Bald Coot & Screaming Loon contains over 1000 entries of remarkable information about birds, birdlife and birdwatching. Chapters include: The Last of the Dinosaurs: How birds evolved and adapted; The Cloaca Monologues: Courtship & Breeding; A Cracking Start: Raising a family; Sing A Song of Sixpence: Why birds sing and call; Why don't birds wee? Birds and their bodies; A Complex Relationship: Birds & man; The Majesty of Flight: How and why birds fly; Pole to pole without a map: The mystery of migration; Bird Brain: Instinct or intelligence?; Weird Birds & Strange Behaviour: A curate's egg of a chapter; and The Battle for Survival: How birds are faring in a damaged world
Woven into this wealth of knowledge are famous quotations, anecdotes, traditional sayings, lines of verse, practical advice for attracting and spotting birds, and words of rural wisdom.
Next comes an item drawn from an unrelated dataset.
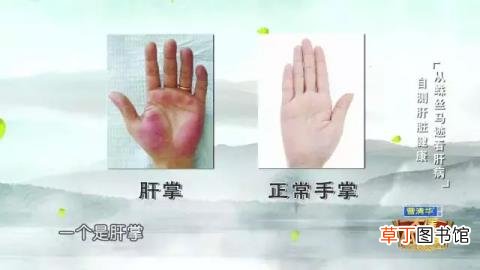 手上长血红色的点是为什么? 手上为什么长斑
The spirit and focus of the Almanac is British but the book also travels as far and distant as the world's birds themselves. It is truly an essential handbook for every bird lover.
You don't have to be a dedicated birdwatcher to be a bird lover. Millions of us love the sight and sound of them and delight in the fact that wherever we are in the world, even in the desert or the Arctic, we are surrounded by birds. And yet even the most educated among us know very little about their remarkable behaviour, incredible diversity and the story of their evolution. While worthy tomes provide information about habitat, appearance, feeding, number of eggs laid and so forth, very few have succeeded in conveying the magic and mystery of birds.
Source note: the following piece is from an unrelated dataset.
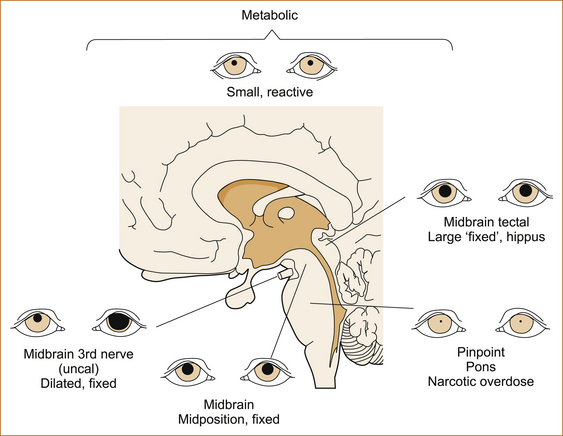 brisk pupil reaction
Why is it that only male birds sing? . . . If birds have such small brains, how come they know where to go when migrating thousands of miles? . . . Are birds really descended from dinosaurs? . . . How do birds have sex?
This handbook sets about answering every interesting question there is to ask about birds. There are over 10,000 species in the world, including over 500 in Britain, some rare and endangered, some bizarre and beautiful, others common and familiar. As this captivating and often humorous handbook reveals, all of them are fascinating when we stop to peer into their truly curious world.